User Story: As an on-wiki searcher, I want to be able to search for words that have apostrophes in them without having to know or worry about what apostrophe-like character is actually used. For example, at least seven different characters are used on various projects in the name of the city in Yemen: Ma'rib, Maʿrib, Maʾrib, Maʼrib, Ma`rib, Ma’rib, Ma‘rib.
Notes: We have a new character filter, apostrophe_norm, currently configured for use only on Nias Wikipedia, which converts the other six options to the straight apostrophe.
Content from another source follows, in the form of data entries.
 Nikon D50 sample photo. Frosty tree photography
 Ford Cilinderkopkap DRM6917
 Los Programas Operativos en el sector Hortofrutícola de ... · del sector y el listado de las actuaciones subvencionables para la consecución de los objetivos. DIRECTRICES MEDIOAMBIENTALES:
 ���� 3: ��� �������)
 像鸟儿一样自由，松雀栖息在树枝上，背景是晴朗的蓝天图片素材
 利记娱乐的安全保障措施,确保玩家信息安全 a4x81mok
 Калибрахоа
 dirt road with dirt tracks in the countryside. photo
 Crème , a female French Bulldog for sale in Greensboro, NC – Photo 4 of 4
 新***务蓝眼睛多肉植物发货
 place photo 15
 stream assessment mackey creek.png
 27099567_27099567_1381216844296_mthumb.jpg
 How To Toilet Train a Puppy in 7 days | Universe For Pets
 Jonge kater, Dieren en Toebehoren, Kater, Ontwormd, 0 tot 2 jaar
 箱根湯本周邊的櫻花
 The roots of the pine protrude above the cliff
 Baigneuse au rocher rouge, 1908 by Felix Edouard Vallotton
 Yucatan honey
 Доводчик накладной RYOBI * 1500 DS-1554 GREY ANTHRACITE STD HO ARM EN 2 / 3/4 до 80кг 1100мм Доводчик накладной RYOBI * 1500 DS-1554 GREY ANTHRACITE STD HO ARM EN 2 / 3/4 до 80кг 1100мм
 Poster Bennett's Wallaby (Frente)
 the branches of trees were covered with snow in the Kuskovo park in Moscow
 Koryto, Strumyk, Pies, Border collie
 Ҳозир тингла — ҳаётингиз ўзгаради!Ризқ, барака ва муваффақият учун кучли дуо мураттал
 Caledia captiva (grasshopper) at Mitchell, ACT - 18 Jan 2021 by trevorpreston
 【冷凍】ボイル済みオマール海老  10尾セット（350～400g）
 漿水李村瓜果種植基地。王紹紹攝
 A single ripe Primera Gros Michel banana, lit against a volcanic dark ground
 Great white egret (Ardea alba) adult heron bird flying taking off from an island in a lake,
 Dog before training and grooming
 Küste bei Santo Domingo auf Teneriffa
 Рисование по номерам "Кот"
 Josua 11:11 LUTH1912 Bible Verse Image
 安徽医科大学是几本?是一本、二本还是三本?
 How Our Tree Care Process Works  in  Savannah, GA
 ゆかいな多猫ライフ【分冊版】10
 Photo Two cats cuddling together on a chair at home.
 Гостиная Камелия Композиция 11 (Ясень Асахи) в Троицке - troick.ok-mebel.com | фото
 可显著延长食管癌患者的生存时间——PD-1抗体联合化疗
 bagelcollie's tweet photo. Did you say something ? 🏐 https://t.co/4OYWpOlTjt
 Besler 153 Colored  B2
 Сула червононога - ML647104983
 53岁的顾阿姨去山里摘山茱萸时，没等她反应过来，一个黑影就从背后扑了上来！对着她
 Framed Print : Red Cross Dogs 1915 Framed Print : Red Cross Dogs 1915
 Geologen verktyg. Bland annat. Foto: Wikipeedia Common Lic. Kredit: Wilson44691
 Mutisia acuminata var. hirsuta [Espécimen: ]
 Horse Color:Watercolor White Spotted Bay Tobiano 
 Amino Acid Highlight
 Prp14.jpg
There is a lot of cross-wiki inconsistency in how these characters are treated, too. The table below shows how the characters are analyzed in English, Japanese, and French Wikis. The standard tokenizer splits on backticks (` U+0060) so that always gets split into two words (ma is a stop word in French, so it gets dropped).
English has the aggressive_splitting filter enabled, which splits on three of the other characters (left and right curly apostrophes and the straight apostrophe). icu_folding removes the left and right half rings in English and French, though French has the "preserve" variant, which keeps the original, too. icu_folding also straightens the curly apostrophes in French, but aggressive_splitting has already split on them in English.
char | U+0027 | U+02BF | U+02BE | U+02BC | U+0060 | U+2019 | U+2018 |
input | Ma'rib | Maʿrib | Maʾrib | Maʼrib | Ma`rib | Ma’rib | Ma‘rib |
en | ma, rib | marib | marib | marib | ma, rib | ma, rib | ma, rib |
ja | ma'rib | maʿrib | maʾrib | maʼrib | ma, rib | ma’rib | ma‘rib |
fr | ma'rib | marib/maʿrib | marib/maʾrib | ma'rib | (ma,) rib | ma'rib/ma’rib | ma'rib/ma‘rib |
If we work on T219108, we should also consider removing apostrophes from aggressive_splitting.
Acceptance Criteria:
- apostrophe_norm is enabled everywhere (or at least by default, possibly with exceptions or customization for some languages for reasons as yet unknown)
- All of Ma'rib, Maʿrib, Maʾrib, Maʼrib, Ma`rib, Ma’rib, Ma‘rib index to the same form in all or almost all wikis (i.e., with intentional exceptions).
Note: this is a follow up to T311654, which looked at this issue for just one language (Nias).